Adalah menjengkelkan jika mereka yang korupsi uang milyaran rupiah bukannya dihukum berat, justru malah dihukum dengan hukuman ringan. Sementara orang biasa yang hanya mencuri sendal jepit harus berurusan dengan hukum. Berdasarkan catatan Indonesia Corruption Watch (ICW), rata-rata hukuman pelaku korupsi sepanjang tahun 2019 itu hanya 2 tahun 7 bulan penjara.
Menurut Kurnia Ramadhana, peneliti Indonesia Corruption Watch (ICW) dari 1.125 terdakwa kasus korupsi yang disidangkan pada 2019, 842 orang divonis ringan (0-4 tahun penjara) sedangkan yang divonis berat (di atas 10 tahun penjara) hanya 9 orang. Mereka yang divonis bebas atau lepas berjumlah 54 orang.
Jika hal tersebut dibiarkan begitu saja, masa depan pemberantasan korupsi akan suram. Kepercayaan masyarakat terhadap pengadilan akan turun dan bahayanya motivasi untuk melakukan korupsi akan semakin tinggi. Pemberian hukuman ringan terhadap koruptor tidak akan memberi efek jera bagi mereka yang melakukan korupsi.
Hal yang lebih memilukan adalah mereka yang sedang atau pernah tersandung kasus korupsi itu tidak malu ikut berkompetisi dalam pemilihan kepala daerah ataupun pemilihan legislatif. Bupati Jepara dan Bupati Kudus non aktif barangkali adalah contoh yang paling tepat untuk menggambarkan itu.
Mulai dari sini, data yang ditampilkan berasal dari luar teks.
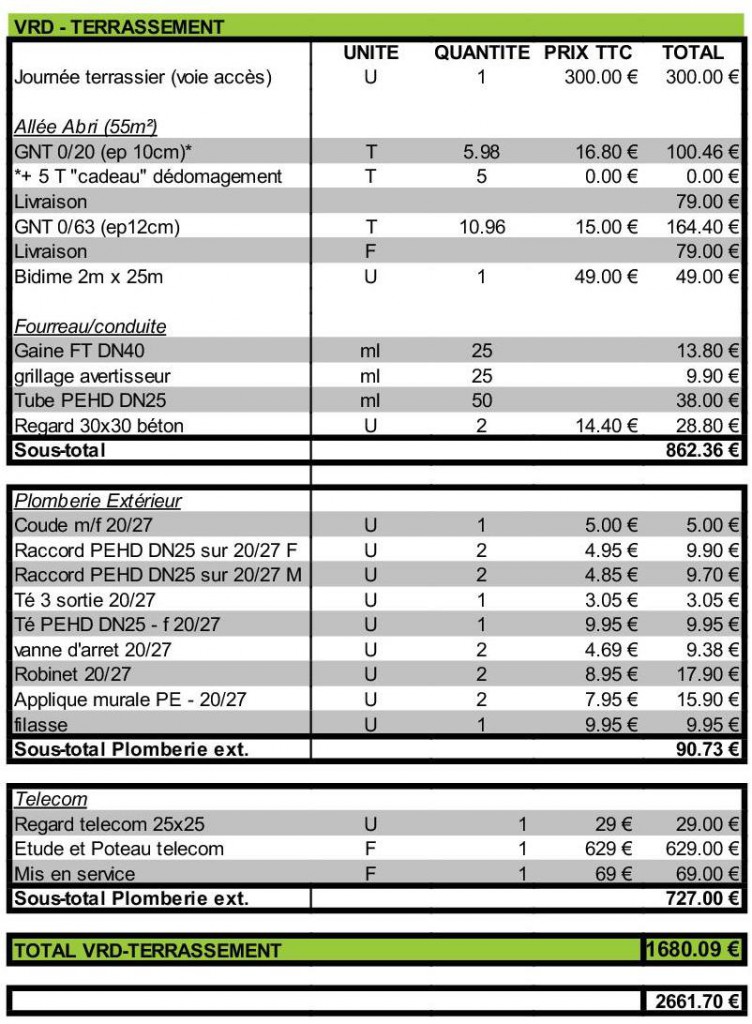 Bilan Budget VRD-Terrassement-002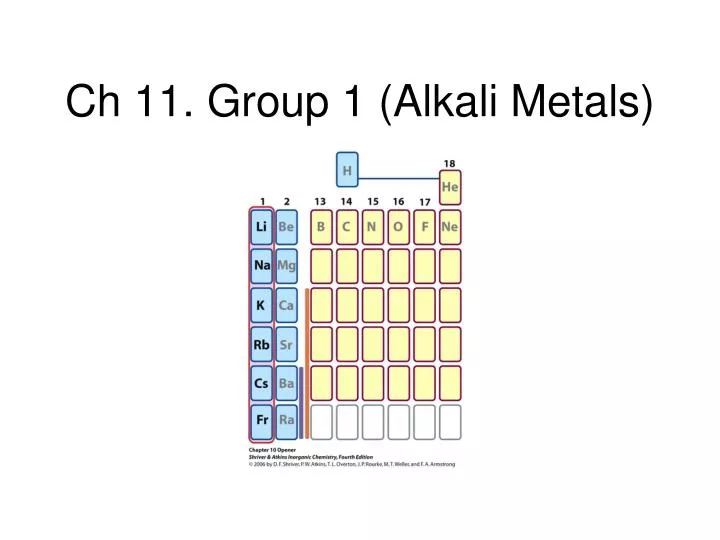 ch 11 group 1 alkali metals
Keduanya terpilih kembali dalam pemilihan kepala daerah dan keduanya pula terkena OTT KPK. Bahkan yang lebih memilukan lagi adalah Bupati Gunung Mas, Kalimantan Tengah yang dilantik di dalam penjara karena kasus korupsi.
Kita patut bertanya, kenapa hal itu bisa terjadi. Pengadilan Tipikor seperti kurang serius dalam memberantas korupsi. Undang-undang Pilkada juga tidak menghalangi status tersangka dalam keikutsertaan dalam pemilihan kepala daerah. Kenapa orang yang jelas-jelas tersandung kasus korupsi diberi ruang untuk mencalonkan diri kembali sebagai kepala daerah, dan tidak ada aturan undang-undang yang mencegahnya untuk itu?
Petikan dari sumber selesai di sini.